The judge said Standage's posts were “distasteful at best” and demonstrated poor judgment, but she questioned why he faces “the most draconian sanction he could get” when the academy explicitly permits midshipmen to express their personal opinions on social media.

“It appears that people in charge didn't like his point of view. Not the way he said it but what he said,” Hollander said.

Standage sued to block his separation from the academy, claiming it violated his First Amendment right to freely express his views. His lawsuit also claims academy leaders violated his Fifth Amendment right to due process, denying him a fair and impartial disciplinary hearing. He is accused of violating academy rules governing political activity and of engaging in conduct unbecoming a midshipman.

Hollander expressed doubt that she will rule before the academy’s semester ends on Dec. 12. She previously ruled that Standage could remain at the academy while his lawsuit is pending.

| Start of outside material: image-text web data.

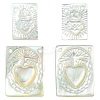 4Pcs 2 Styles Natural White Shell Mother of Pearl Shell Pendants SHEL-CJ0001-37-1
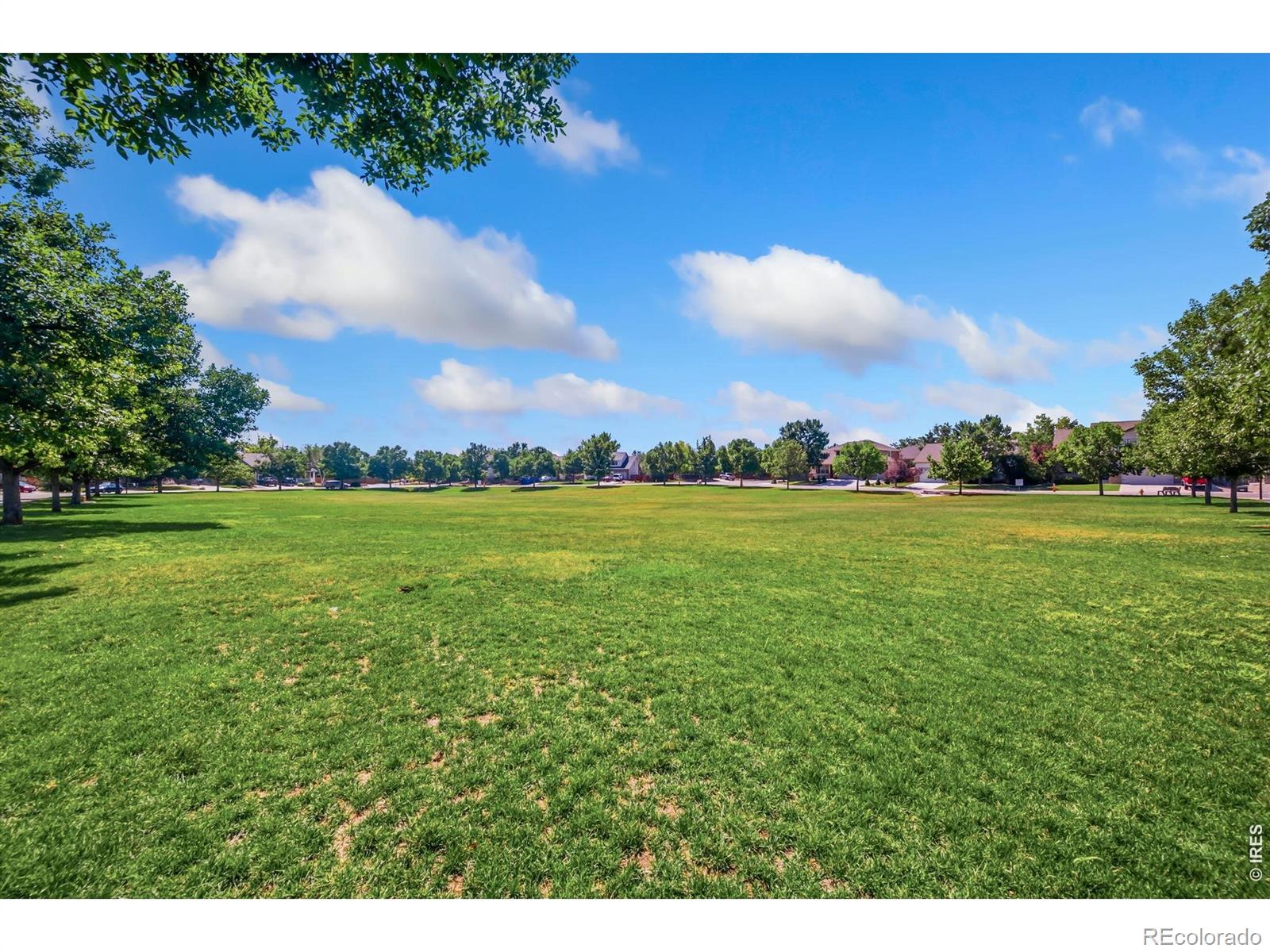 2nd image of 1565 Bengal Ave, Loveland, CO 80537 | MLS# IR1065422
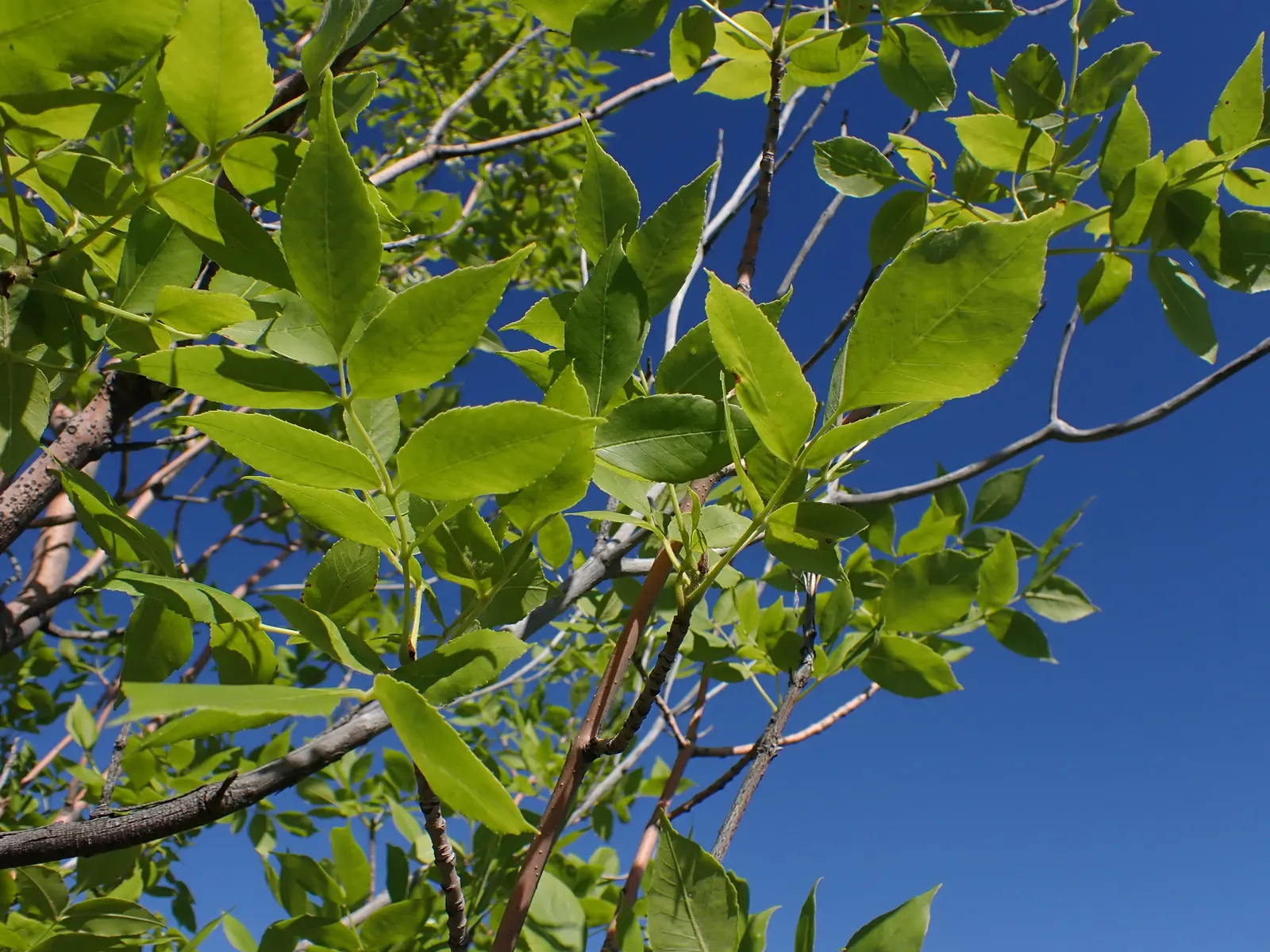 Summit Golden Ash (Fraxinus Pennsylvanica) — It reaches up to 50 feet in height and spreads approximately 40 feet; ideal as a street or lawn specimen for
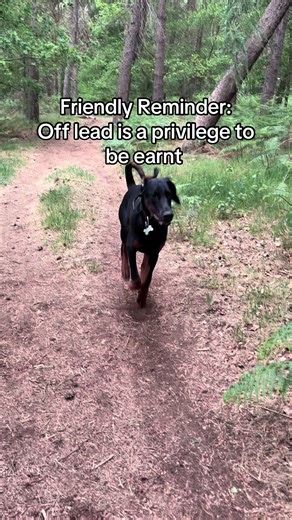 Essential Tips for Training Your Doberman Puppy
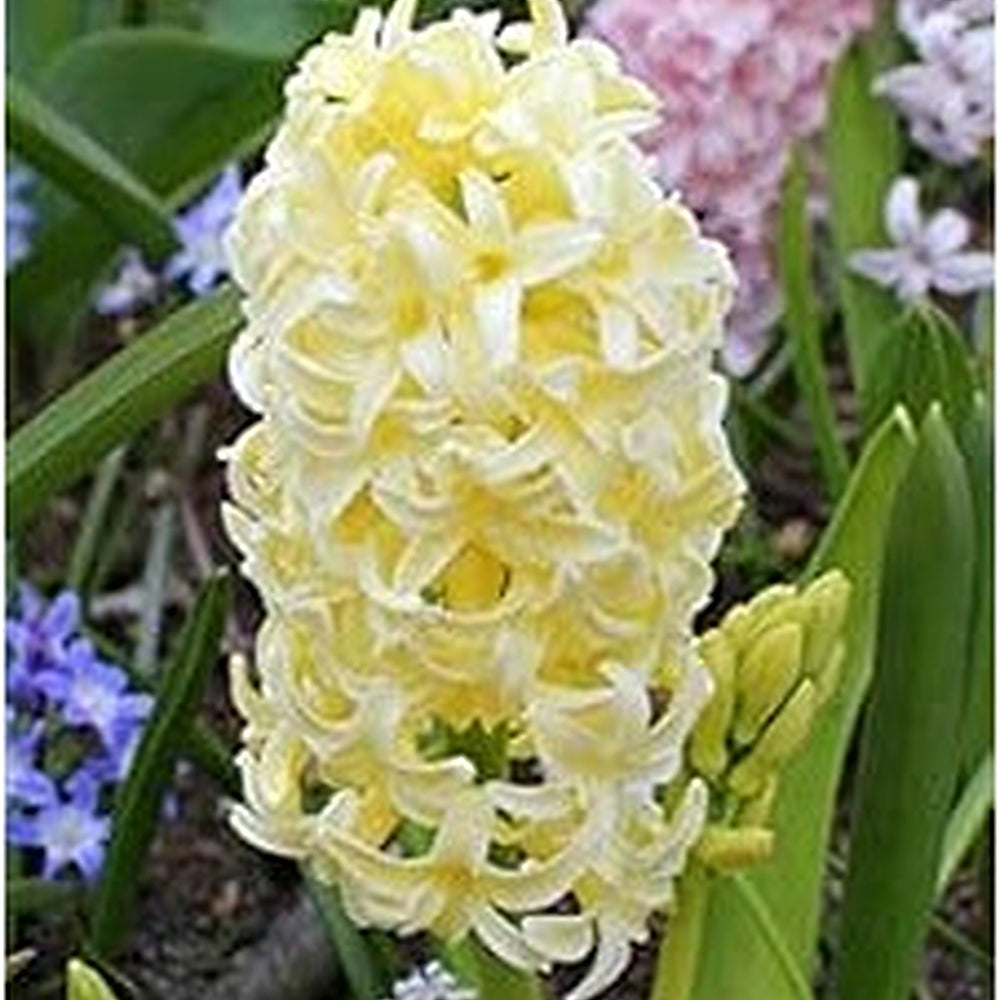 Heirloom Non-GMO Light Yellow Hyacinth Flower Seeds for Fragrant Spring Gardens and Outdoor Planting [neera-v5-5a2fdd23b4f31d5bfec2]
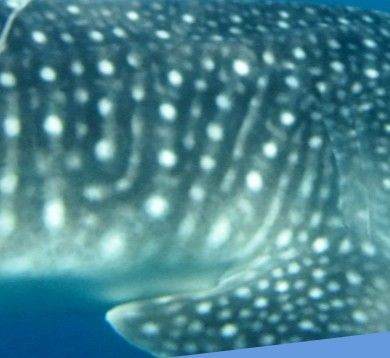 2369f1c5-a5be-4940-9baa-6ffcca7ca283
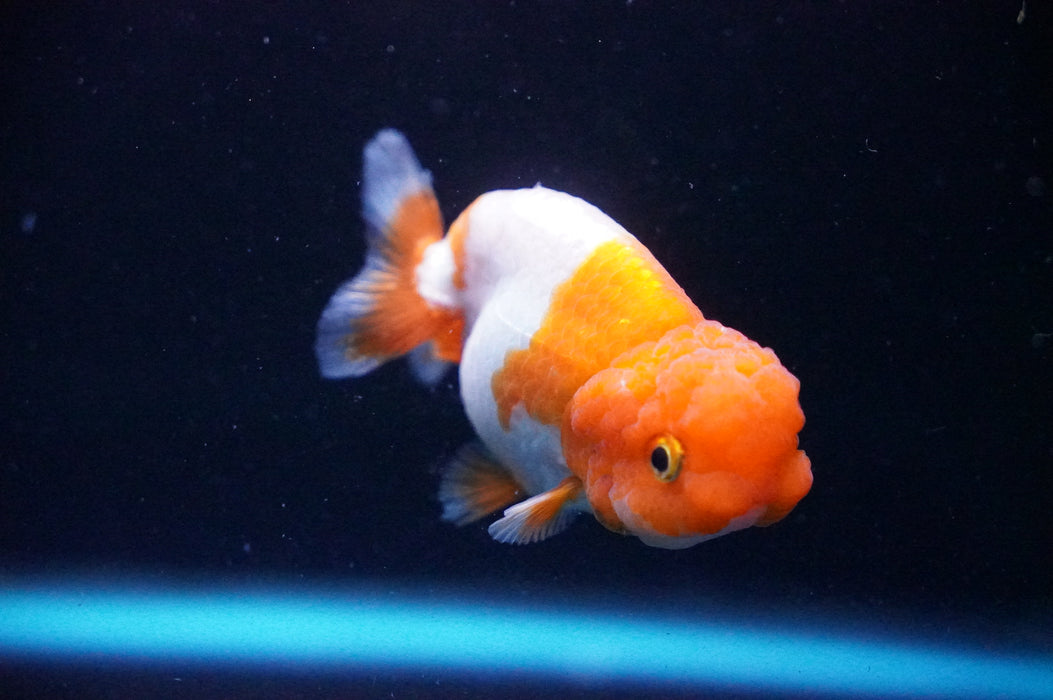 Juvenile Lionchu  Red White 3 Inch (ID#1205R11b-8) Free2Day SHIPPING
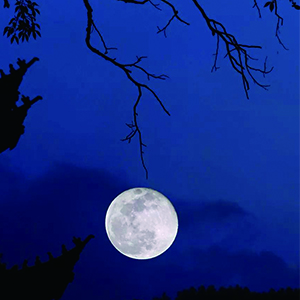 月亮惹的祸钢琴谱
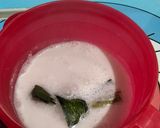 Foto langkah ke 2 dari resep Es Cincau Santan gula merah.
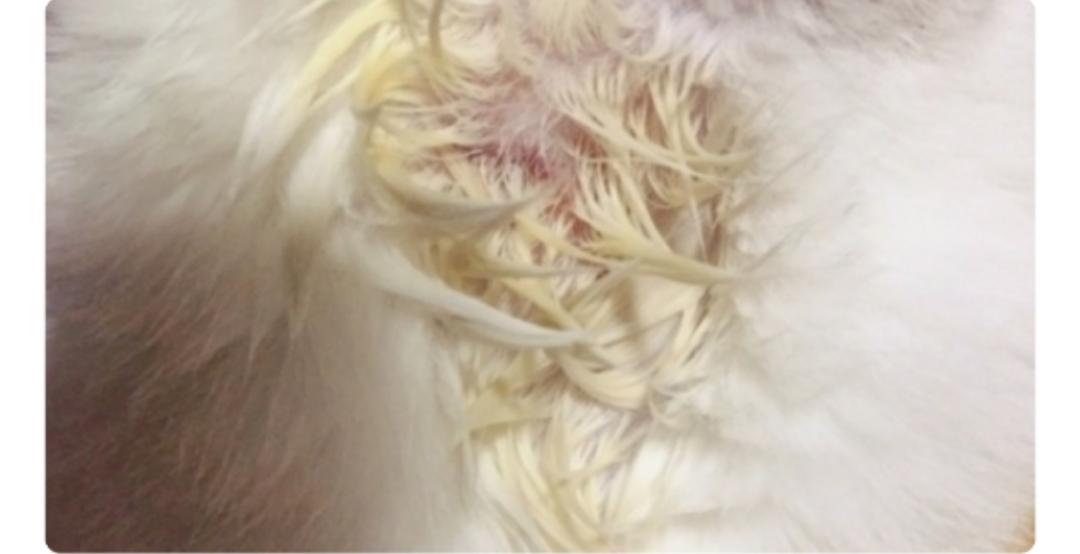 没有得猫癣的猫可以用药预防吗,人类应该吃什么维生素预防猫癣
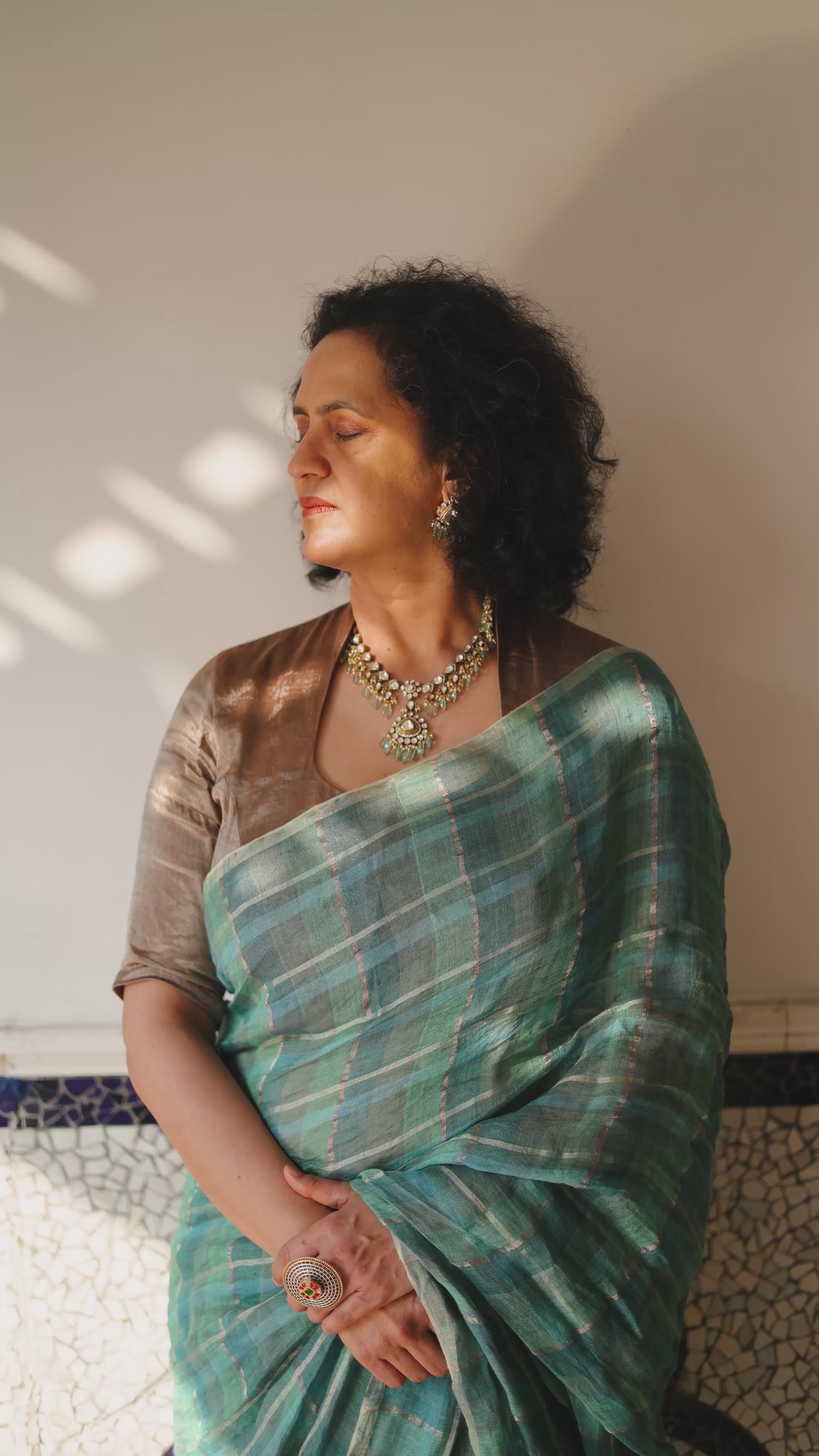 Multi Check saree - 3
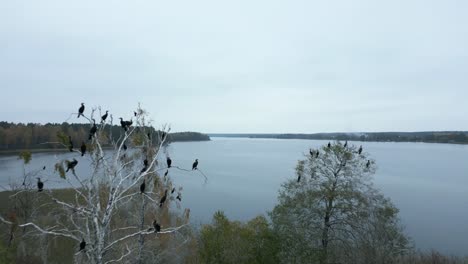 Black-Cormorans-flying-out-of-the-treetops-over-the-lake-Drone-shot-from-above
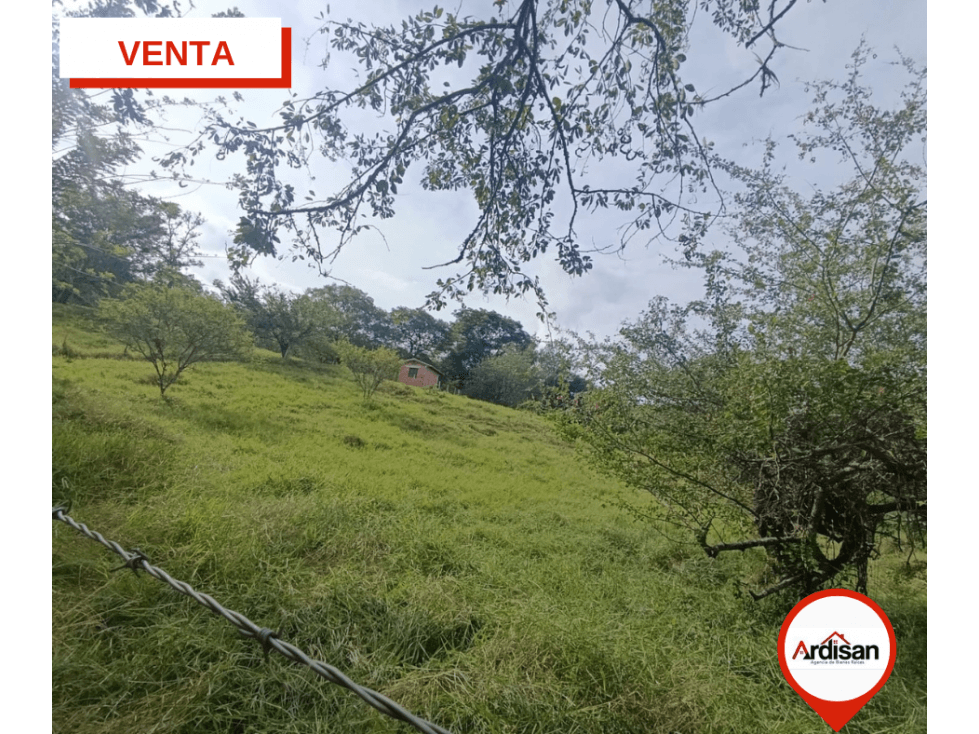 PARCELAS RURALES DE 2.500MTS VIA A SIMACOTA - 1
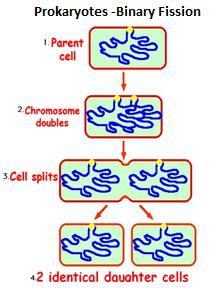 Cell Division in Prokaryotes (no nucleus) Prokaryotes such as divide by the process of.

“This case is the kind of case that keeps you up at night when you're a judge,” she said.

The son of two Los Angeles Police Department officers, Standage says he feared for their safety during the week in June when he posted the tweets in question.

“Why is it taking so long for Breonna Taylor to receive her justice?” a Twitter user posted in June.

“Her justice was received on March 13, 2020,” Standage replied, referring to the day of the deadly raid.

Academy investigators also singled out several other tweets in which Standage advocated using lethal force against civilians.

“All it takes is one drone strike,” he tweeted in response to another user's post about “antifa extremists” in Seattle.

Standage posted under the username “Cheese Sandwich” and didn't identify himself as a midshipman in the posts.